Reader-LM: A Compact Model for HTML to Markdown Conversion

Tech Adapter 2024-10-01

Converting HTML to Markdown is not as simple as it seems. Web content often has a complex structure and contains noise, making it challenging to cleanly extract and convert the main content. To solve this issue, Jina AI has released Reader-LM, a Small Language Model (SLM) optimized for converting HTML into Markdown by selectively copying key content from the HTML and supporting long contexts.

Background of Reader-LM

In April 2024, Jina AI introduced Jina Reader, an API designed to convert webpage URLs into Markdown. The API worked by fetching webpage sources via Chrome, extracting main content using the Readability package, and then converting HTML into Markdown with regex and the Turndown library.

However, the existing method had accuracy issues. The Readability filter sometimes failed to remove incorrect content, and Turndown struggled to convert certain HTML tags into Markdown. To address these problems, Jina AI started developing its own small language model for converting HTML to Markdown.

Technical Features of Reader-LM

The process of converting HTML to Markdown is less about creativity and more about selectively copying content from input to output. As such, Jina AI opted for a “shallow-but-wide” small language model structure rather than a large one, focusing on reducing the number of transformer blocks needed for the conversion process. Reader-LM is available in two versions.

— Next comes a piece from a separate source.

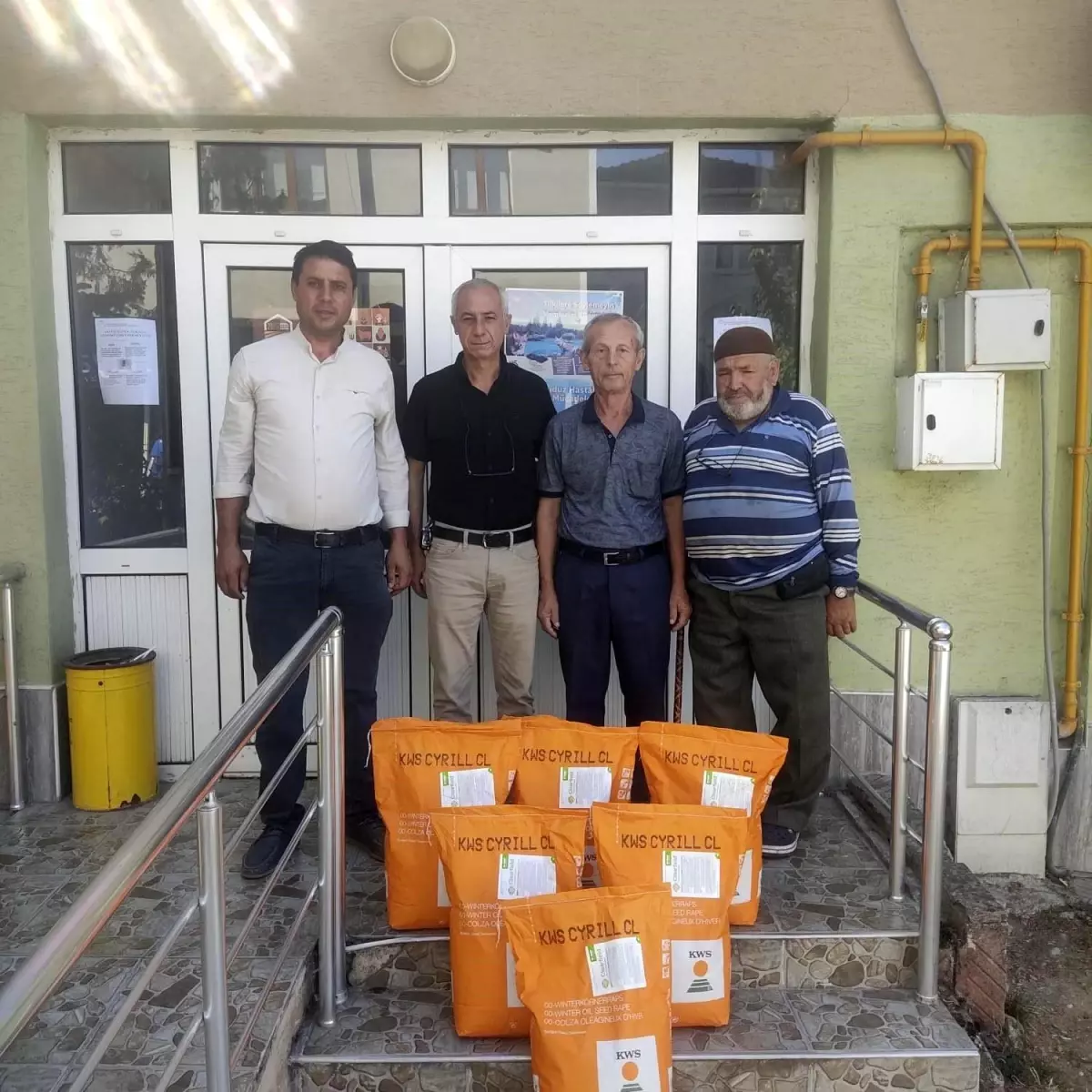 Osmaneli\'nde Çiftçilere Kanola Tohumu Desteği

reader-lm-0.5b: A model with 494M parameters
reader-lm-1.5b: A model with 1.54B parameters

The model supports up to 256K tokens to handle long contexts, which is essential for dealing with the complex and lengthy nature of typical webpage sources.

Performance of Reader-LM

Reader-LM has been evaluated across various metrics, showing excellent results in ROUGE-L, Token Error Rate (TER), and Word Error Rate (WER). Notably, the reader-lm-1.5b model achieved a ROUGE-L score of 0.72 and a WER of 1.87, outperforming competing models. In visual inspections of web pages converted to Markdown, reader-lm-1.5b demonstrated superior performance in header extraction, content retention, and Markdown syntax.

Key performance results of Reader-LM:

ROUGE-L: 0.72
WER: 1.87

Commercialization and Use Cases

Reader-LM was developed with commercial environments in mind. Jina AI provides a notebook on Google Colab for users to experience reader-lm by converting content from Hacker News into Markdown. In commercial settings, high-performance GPUs such as the RTX 3090/4090 are recommended.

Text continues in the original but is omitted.